When I said I was working on a soup book, the response was often, "Oh, I love soup!" People enthuse about soup in a way that’s so heartwarming it makes me feel as if I’m in the right camp...
If you're a vegetarian who secretly envies those who can enjoy a brodo with pasta or sip on chicken soup when ill, you'll be happy to know that there are brothy vegetarian soups that can effect a cure or two. It's not easy to make a vegetable-based broth that's as robust as a good chicken broth, but it's possible to create a liquid that's good enough to be sipped and savored with a few additions for interest or amusement.

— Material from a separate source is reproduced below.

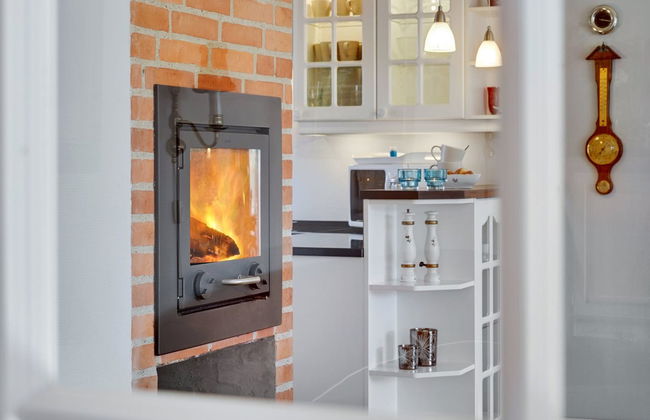 "Iarund" - 500m to the fjord - Foto 25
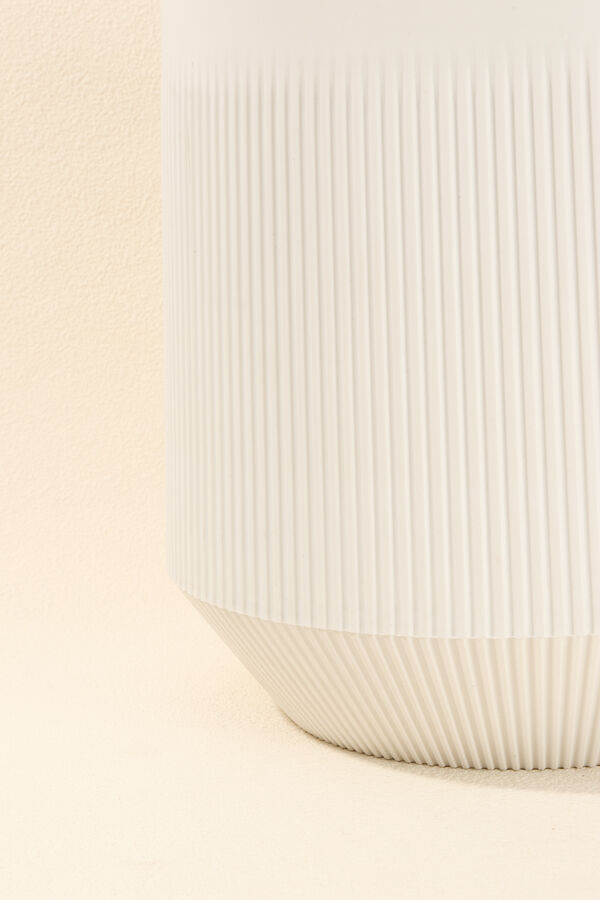 Maceta Lina COLOR UNICO image number null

Developing vegetarian broths and broth-based soups has been a challenge, but I'm delighted with the results. They have depth of flavor, interest, and inherent lightness. Broth-based soups are appealing to those with small appetites, who are recovering from illness, or who are dieting, and they provide a light beginning to a large meal.
Restoratives are soups intended to help vanquish a cold or flu. In times when food wasn't as plentiful as it is today, restoratives were rich with cream, egg yolks, and meats, on the theory that calories and protein were needed to nurse a person to health. Twice I've had jobs that involved caring for women who were born before the turn of the century (the twentieth, not the twenty-first). When they were ill, they asked for chicken broth enriched with cream (plus curry powder) and eggs. One always asked for warm sherry beaten into egg yolks, with some cream thrown in at the end, a kind of zabaglione. I always made extra of that! Many soups, by virtue of being hot liquids, can work as restoratives, but the five I've chosen to present here are especially known for their ability to make you feel better, no matter what ails you.